2.1. Object Detection in UAV Remote-Sensing Images

The deep neural network-based detector achieves advanced performance in generalized natural scenes. Due to the randomness of the UAV’s camera angle and altitude, UAV remote-sensing images exhibit a larger field of view, denser small objects, and more complex illumination compared to natural scene images [20,21,22]. The direct application of general-purpose object detectors to object detection in UAV remote-sensing images can lead to a drastic degradation of detector performance [23].

To solve these problems, Xian et al. [24] proposed a feature fusion method based on NSNP-type neurons to help solve the problem of lost edge detail information. Similarly, Ren et al. [25] proposed a new dual-attention guided multi-scale feature aggregation network that can obtain more discriminative feature representations. Concurrently, researchers have explored utilizing contextual information [26] and super-resolution [27] to enhance feature discriminativeness for subsequent network layers. Bhowmik et al. [28] proposed a context-likelihood graph based on object distribution prior and refined it using network iterations. This results in a more accurate representation of the image. Zhang et al. [29] used assisted super-resolution to learn high-resolution feature representations to distinguish small objects from large backgrounds. It is usually used to fine-tune the recovery of small-scale objects, which helps the detector to obtain fuller discriminative features.

2.2. Downsampling in CNNs

Downsampling is a crucial component of deep convolutional neural networks, serving to adjust the resolution of input feature maps, broaden the receptive field, and decrease the computational load. The main downsampling operations commonly used are maxpooling [30], average pooling, and SC [31].

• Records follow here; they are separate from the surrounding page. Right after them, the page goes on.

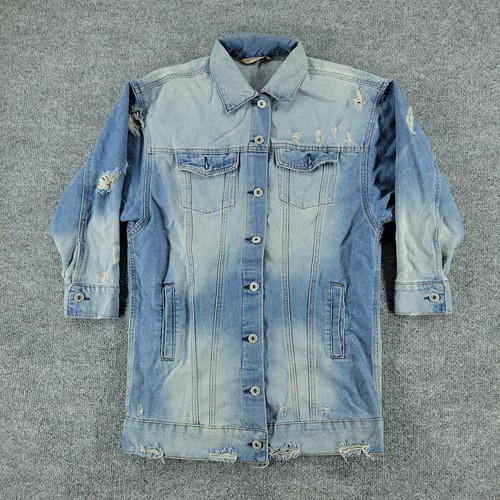 Highway Jeans Jacket Women's Small Blue 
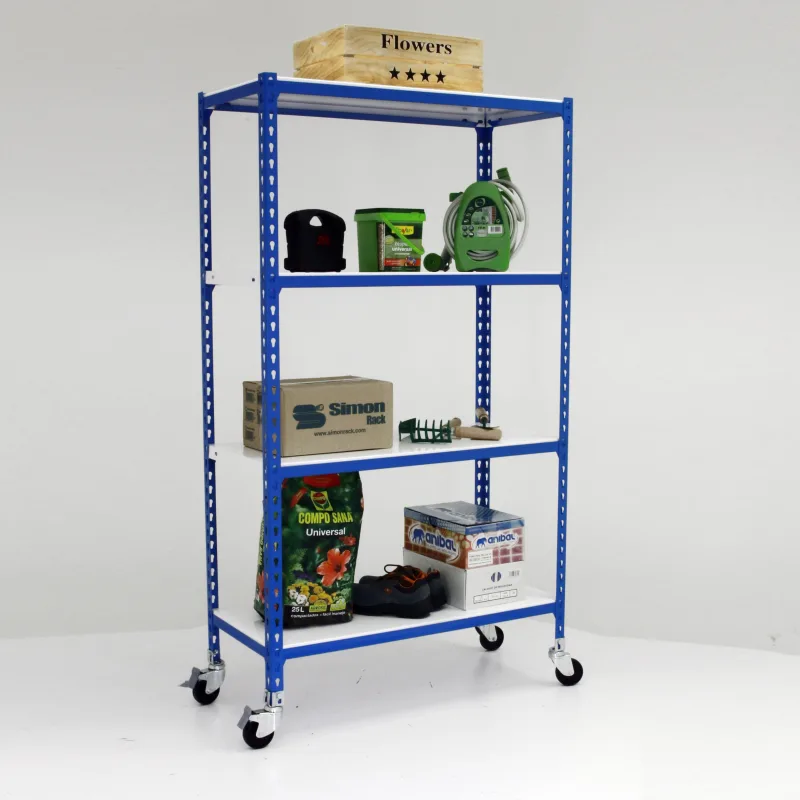 Estanteria sin tornillos simonclik movil azul plus 4/40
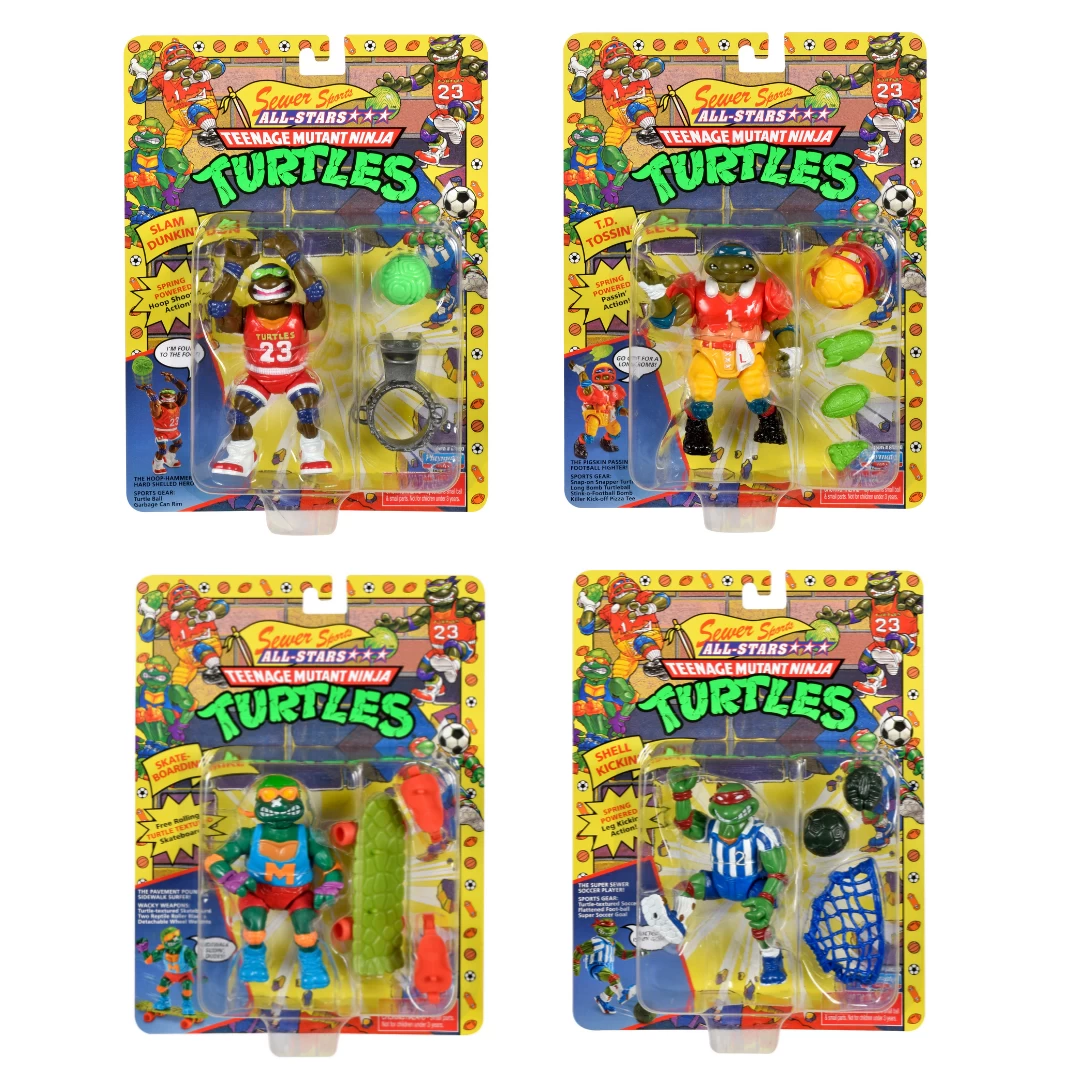 Playmates TMNT Classic Collection Sewer Sports 4 Pack 3 Playmates TMNT Classic Collection Sewer Sports 4 Pack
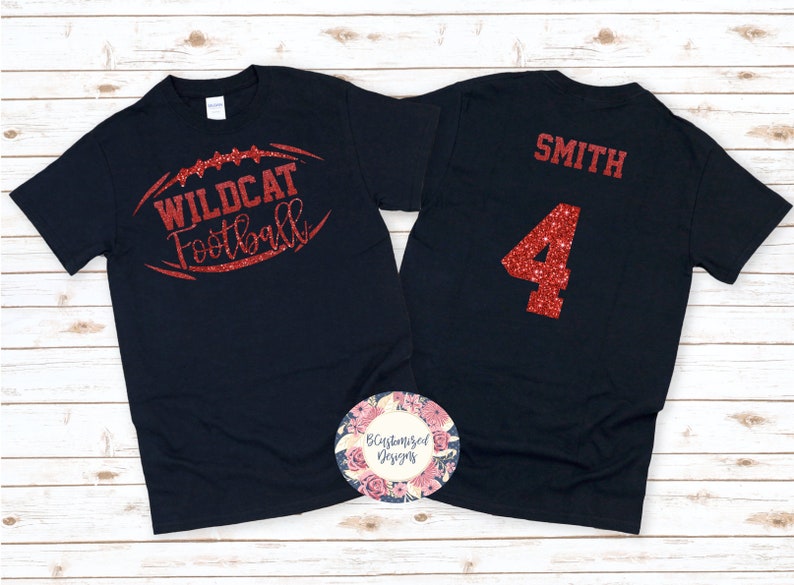 personalized football shirts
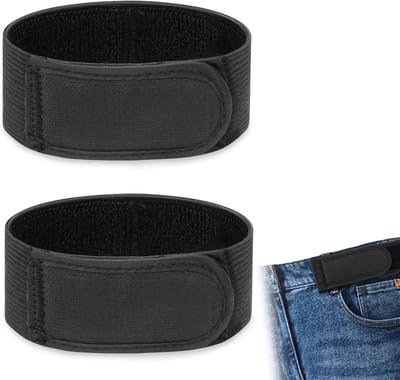 Verstelbare Riem zonder Gesp voor Mannen - 2-Pack Elastische Tailleband voor Jeans en Broeken, Comfortabel en Onzichtbaar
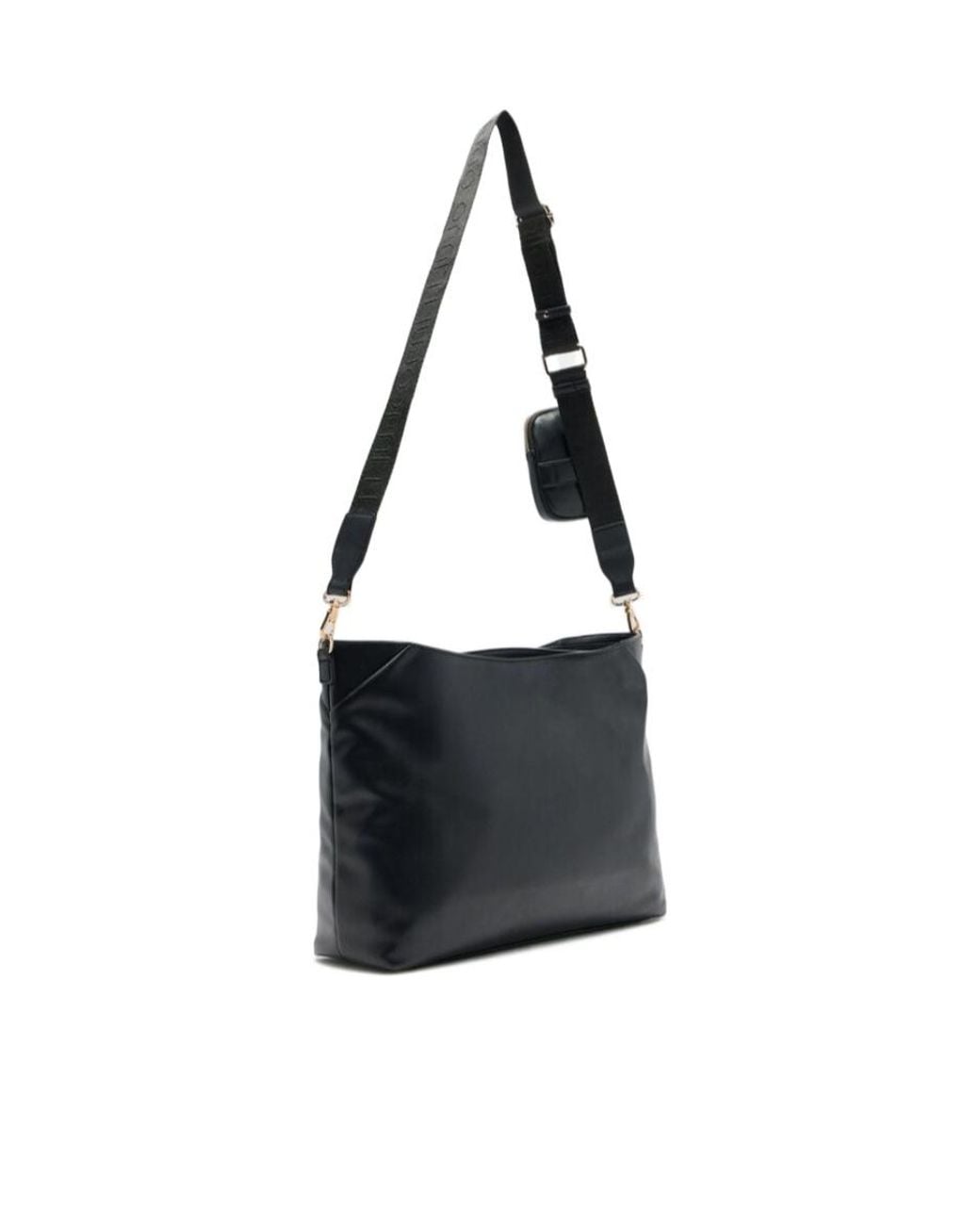 Liu Jo Black Charm Detailed Medium Tote Bag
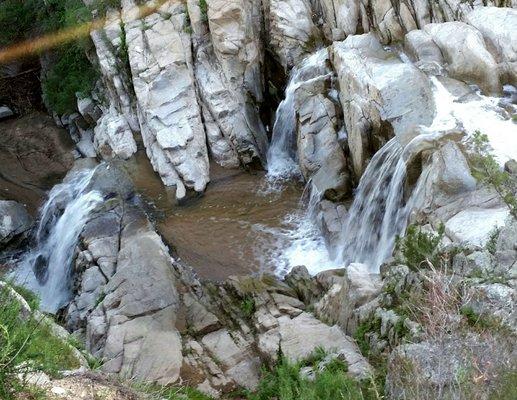 Double falls off San Juan trail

The pooling operation is based on the mathematical relationship of the domain for targeted selection and does not have any learned parameters [32]. Therefore, simple pooling operations lead to the loss of important spatial information and cannot adapt to the complexity of multi-scenarios. To address these challenges, AdaPool [18] introduces an adaptive exponential weighting scheme for information feature preservation pooling. It has better network connectivity and can adaptively capture details. Wavelet pooling [33] introduces wavelet variations by two-level feature decomposition and discarding one level to reduce the feature dimension. This operation effectively mitigates the overfitting problem in the image classification problem. SoftPool [34] preserves the structure of pooling while also minimizing the loss of information during the maxpooling process, further improving detection accuracy.

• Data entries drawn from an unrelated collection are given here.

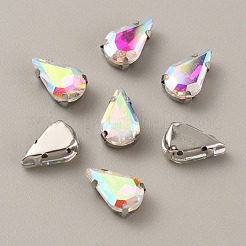 Teardrop Shape Sew on Rhinestone&nbsp;FIND-WH0128-94A
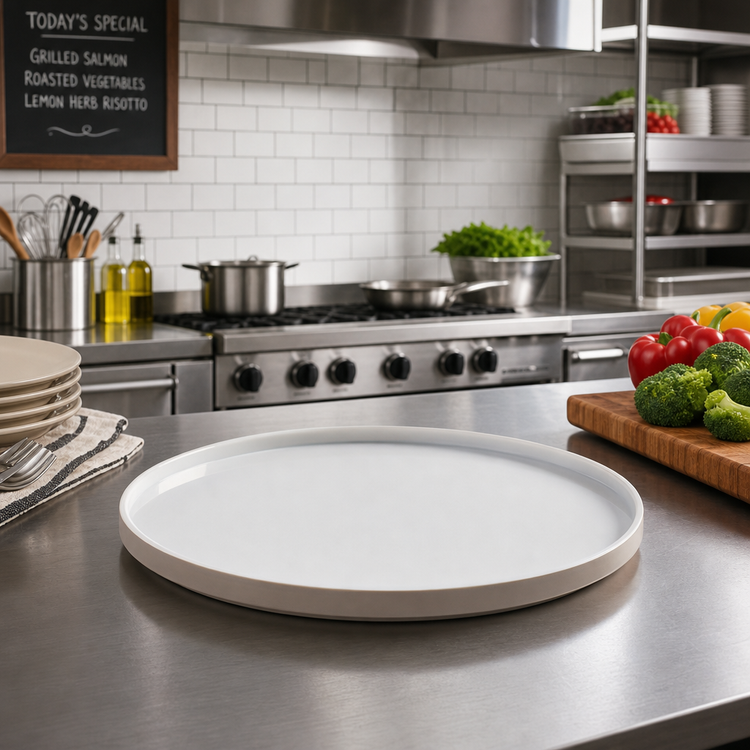 Product image #2 for American Metalcraft 9-Inch Round BPA-Free Melamine Plate, Mocha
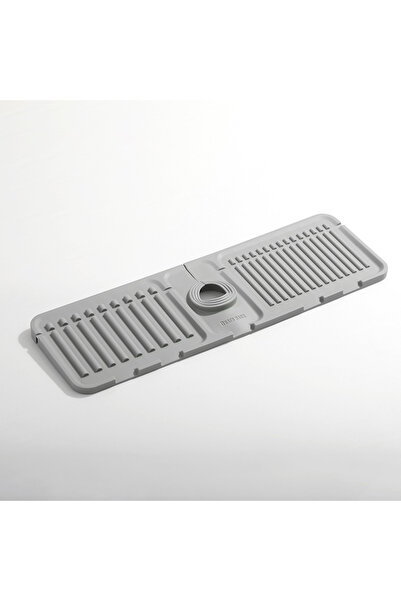 Arabest Faucet Mat for Kitchen Sink, Enhanced Silicone Splash Guard with Quick Dry Feature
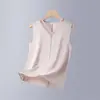 Camisa con Base de Satén de Acetato Imitación, Ropa Profesional, Chaleco Interior para Mujer, Nuevo Estilo de Verano, Elegante Top Calado para Commuter para Usar por Encima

Simple SC can cope with object detection in most natural scene images but still has limitations in facing small and dense objects as well as more complex and specific scenes. To address this, RFD [35] extracts a more robust downsampling feature map by fusing features from multiple downsampling methods, enabling subsequent feature learning to better capture key information and improve the overall performance of the network. Similarly, Hesse et al. [36] proposed an adaptive downsampling scheme that allows different feature map regions to be processed at different resolutions for better computer-vision tasks. HWD [32] also applies wavelet transform to reduce the spatial resolution of the feature maps and, at the same time, retain as much information as possible. This operation effectively improves the segmentation performance of CNN in computer-vision tasks. The above research results show that the ability of downsampling to retain information has a critical impact on model performance. In other words, the retained information needs to dynamically respond to subsequent layers to learn better representational features.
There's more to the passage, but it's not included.